As of the 22nd February 2018 companies turning over more than $3 million must report to the Office of the Australian Information Commissioner (OAIC) and any individual affected if personal data are lost, stolen or leaked. Penalties for not doing so can incur substantial fines and/or penalties. For more details on whether or not your company is subject to these laws, please take a look at the subject to the new notifiable data breaches scheme.
How could my data be lost, stolen or leaked?
There are many ways which data can be lost, stolen or leaked, and we’ve listed just a few common methods below.
- A contact form on your website (by default all data is stored and sent without encryption)
- Online checkout form (although payment transactions are encrypted, the user details are stored in your database without encryption)
- Website hack to your database (which is normally not encrypted by default)
So how do you know if data has been leaked, breached or stolen?
A security audit can determine whether or not your site has been hacked or your data is exposed. If you’re using standard/default website software, contact forms, checkout/payment forms than it is best to have your site audited for vulnerabilities.

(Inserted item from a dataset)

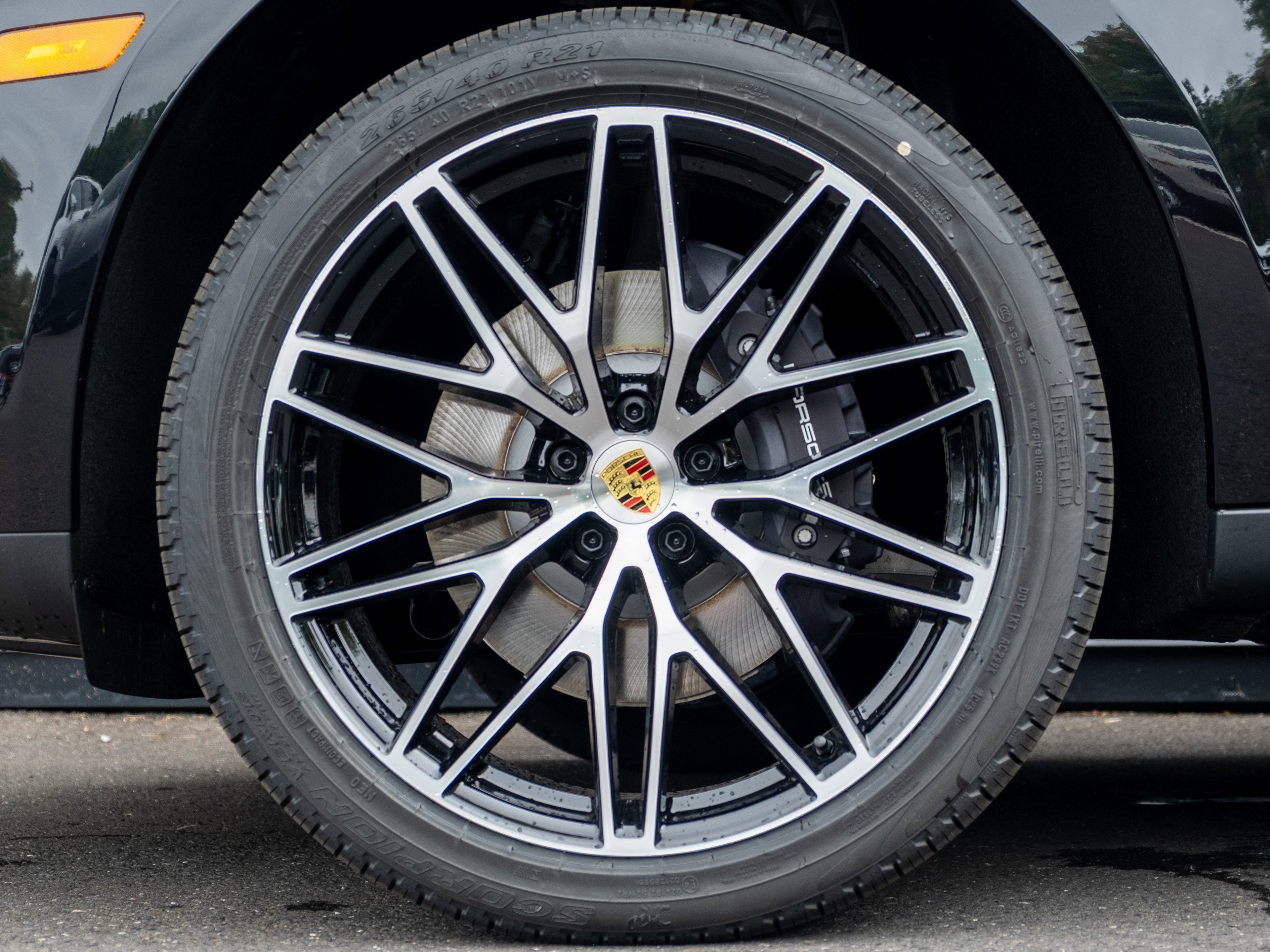 Certified 2025 Porsche Macan image 12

If you’re unsure whether you’re using the standard/default setup or have security measures already in place, you can have this also checked – however it is unlikely to have security measures to be in place if this was not mentioned as a component or add-on to your website.
Here are a couple of audits worth doing if you’re unsure about your website security.
- Website status audit (determine whether or not any security systems are protecting your site, and if not, what systems could/should be implemented)
- Website vulnerability audit (can be run in conjunction with the above – this is to run some test against your website to determine and weak areas where website hacks could be possible)
Implement the base systems at least
Implementing a couple of base systems on your website is the best method for any organisation that is subject to Australia’s new notifiable data breaches scheme. Here at IDM2 we consider the following security measures as a base for any website wanting to minimise the risk of lost, stolen or leaked data.
- Secure checkout, contact and other forms (with encryption)
- Implementing SSL/HTTPS on your website
- Google Re-Captcha to prevent robots/crawlers accessing online forms.